Messaggio chiaro da nordest. “Siamo sereni. Non è il caso di cadere nelle provocazioni. Per quanto riguarda gli affari esteri, la linea la dettano Giorgia e i ministri di competenza: Tajani, Crosetto. Non certo quello delle Infrastrutture”. Non ti curar di lui… “Salvini fu uno stratega brillante all’epoca della Lega al 4 per cento, ma ormai il trend è l’opposto. A furia di inseguire il consenso a tutti i costi, si finisce per perderlo. Diffidare dai grandi sbalzi, in politica. Anche per questo la crescita del nostro partito, invece, poggia su basi solide: è lenta ma costante. In Veneto più che altrove”. Sguardo sulle regionali. “Il centrodestra correrà unito. E la decisione definitiva sul candidato la prenderanno i tre leader a Roma. Com’è sempre stato e sempre sarà”.
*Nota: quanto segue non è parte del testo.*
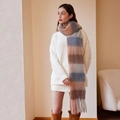 Dicker karierter Kaschmir-ähnlicher Schal in Blau und Rosa mit Fransen für den Winter - Blau Kamel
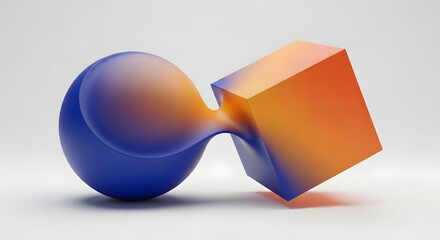 Abstract 3D rendering of a blue sphere morphing into an orange cube, with a gradient color scheme on a plain white background.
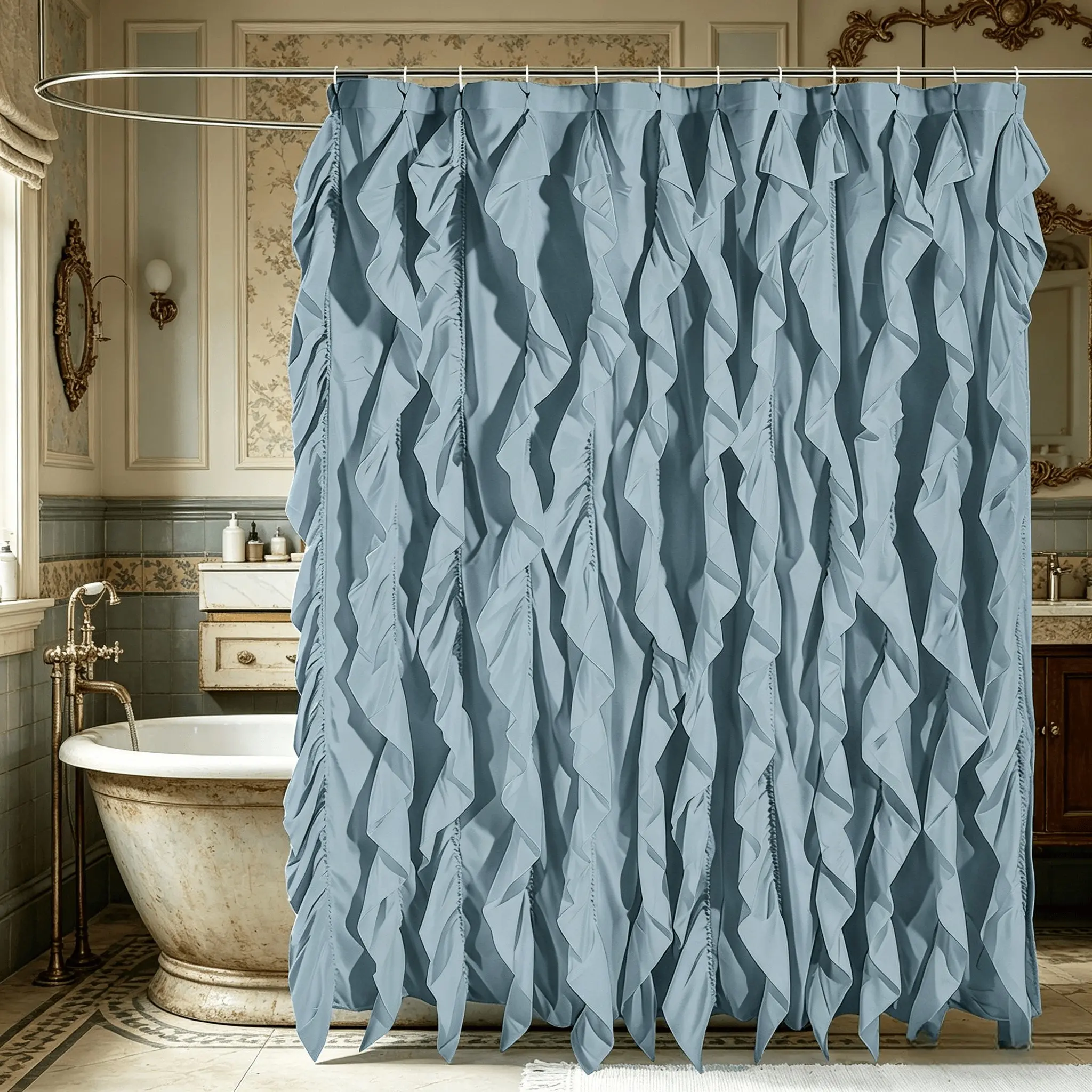 Elegant Ruffled Fringe Bath Curtain, Polyester Fiber, Artistic Ripple Design, Easy Hang Hook, Bathroom Decor, Stylish Shower Curtain, Aesthetic Shower Curtain, Decorative, Bathroom Decorations, Hanging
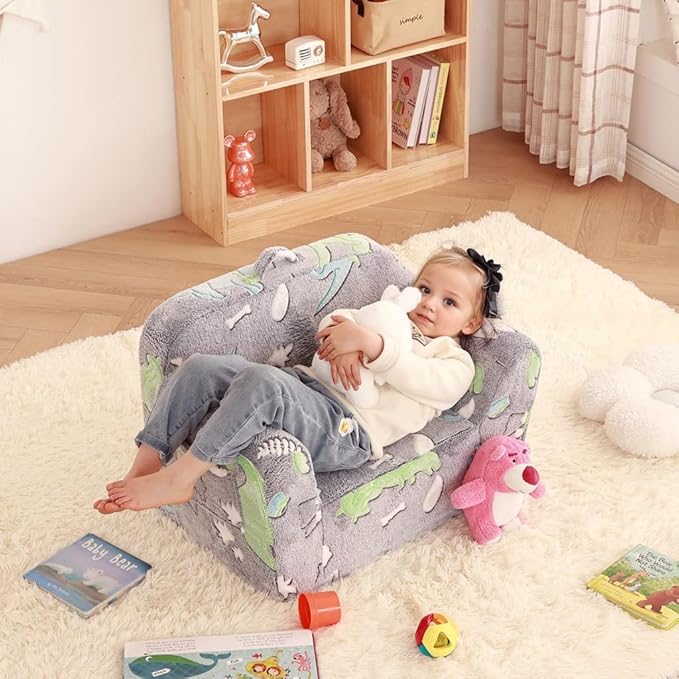 Toddler Chair – Plush Kids Sofa, Comfy Convertible Lounger for Boys & Girls, Bedroom & Reading Chair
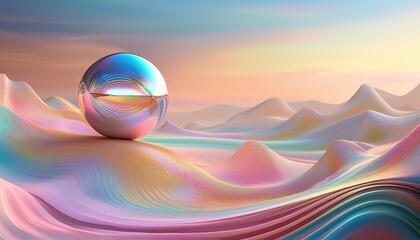 a pearlescent sphere with iridescent rings orbits in a soft pastelcolored dreamlike landscape of undulating forms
L’ex sindaco di Verona ha già fatto incetta di amministratori leghisti. Sa di non avere le carte in tavola per rovesciare gli equilibri. Ma ne ha abbastanza per influenzarli. “La regione passerà presto dalla monarchia alla democrazia”, la sfida al Doge. “Comunque vada alle urne, i rapporti di forza cambieranno. E la Lega non potrà più decidere in solitaria”. A Tosi lo scranno di Zaia fa gola, non è un mistero. “Usciamo da una legislatura senza assessorati per Forza Italia. Totale anomalia decisa da Zaia: quando il partito forte era quello di Berlusconi, concedeva le deleghe a tutti i rappresentanti della coalizione. Si amministrava insieme. Sapete invece quante volte Zaia ha riunito me, De Carlo e Stefani, i tre segretari di maggioranza?”. Ci immaginiamo la risposta. “Zero”.
E così, mentre Salvini e accoliti alzano la voce per tutto il paese – lo scorso weekend a Padova, il prossimo a Firenze per il congresso – Forza Italia adotta la strategia dell’imperturbabilità. “I problemi che crea la Lega sono soprattutto interni alla Lega”, glissa Tosi. “Poi l’elettore, di questi tempi, è più attento alle incoerenze. Questa situazione andrà tutta a nostro vantaggio”. Da eurodeputato, lui vede con mano l’unica cosa che conta: il Carroccio, alla fine, non conta affatto. “In Italia le deleghe le abbiamo noi e FdI: i salviniani masticano amaro, ma votazioni alla mano hanno un atteggiamento saggiamente europeista. In Europa invece esiste una netta differenza tra maggioranza e minoranza. Tra chi governa e chi rompe le scatole”. Vannacci stacce. “Ben inteso: coi leghisti l’atmosfera è tranquilla, ci si parla da colleghi. Ma rispetto alle decisioni, che ruotano attorno al Ppe, sono totalmente tenuti fuori. Al contrario, con Ecr, l’eurogruppo di Meloni, abbiamo un dialogo molto positivo”.
Ma da ex leghista, cosa ne pensa Tosi? “Che questa non è più la Lega di Tosi. Una volta mi davano perfino dell’eretico, per le mie idee federaliste: Salvini era un secessionista convinto”. Memoria corta. “Oggi sono passati da un estremo all’altro. Mentre il federalismo sopravvive in Forza Italia”. Eppure Tajani, sull’autonomia… “Anche qui, contano i fatti. Noi l’abbiamo sempre sostenuta nelle sedi opportune. Se non è ancora una realtà, la colpa è del ritardo accumulato durante i governi Conte: mica c’eravamo, noi. Ma questo Zaia non lo dice”. Salvini, figurarsi.